Final figures for this month are likely to show there has been little or no growth in M1-A or M1-B from November's levels. The Fed's vigorous attempts to curb money growth have combined with strong loan demand to push interest rates to record levels this month. A slowdown in money growth should lead to a slackening in interest rates, although few analysts expect rates to drop very far in coming weeks.

Wells Fargo Bank in San Francisco and Chase Manhatten of New York, the nation's third-largest bank, last week cut their prime rates to 20 1/2 percent. But this move was not followed by other major banks. Citibank, the second-largest, announced on Friday that it would keep the prime at 21 1/2 percent for the time being.

Chemical Bank is the nation's sixth-largest. Yesterday's prime rate reduction was in response to a drop in the cost of funds, according to chief economist Fred Deming. But he cautioned that it was uncertain whether further rate declines were likely.

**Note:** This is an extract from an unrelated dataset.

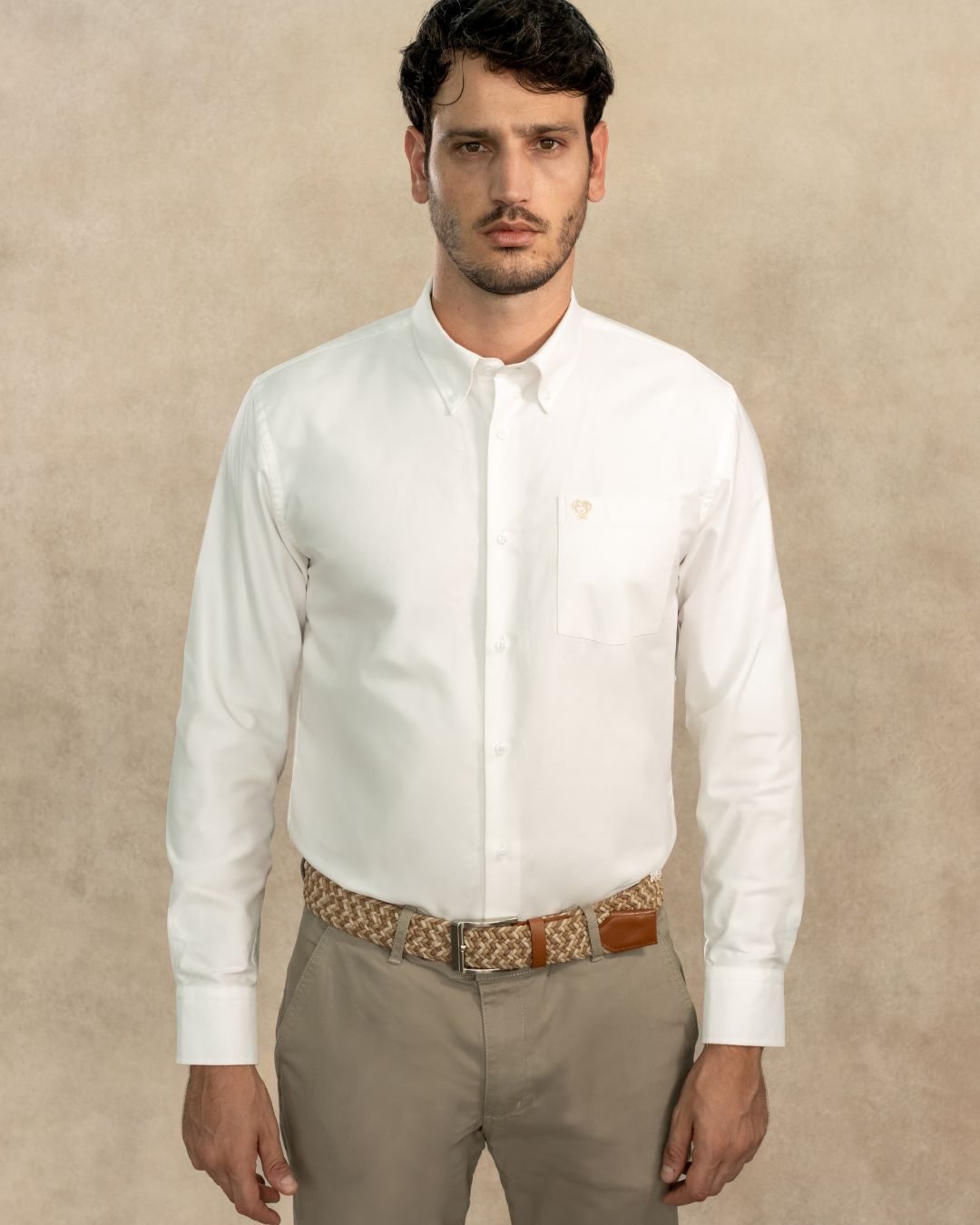 Camisa Antimanchas Oxford Blanca con Bolsillo Logo Contraste - Talla Regular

A smaller bank, American National Bank and Trust in Chicago, cut its prime to 20 percent yesterday, and both Chemical Bank and the Bank of New York yesterday cut their broker loan rates to 20 percent from 20 1/2 percent. This is the fee which a bank charges to securities dealers on loans backed by stock as collateral. The prime is the rate charged by banks to their best corporate customers.

Many economists fear that the dramatic rise in interest rates this fall will push the economy back into recession. An economic slowdown is probably already under way and one of the factors moderating money growth.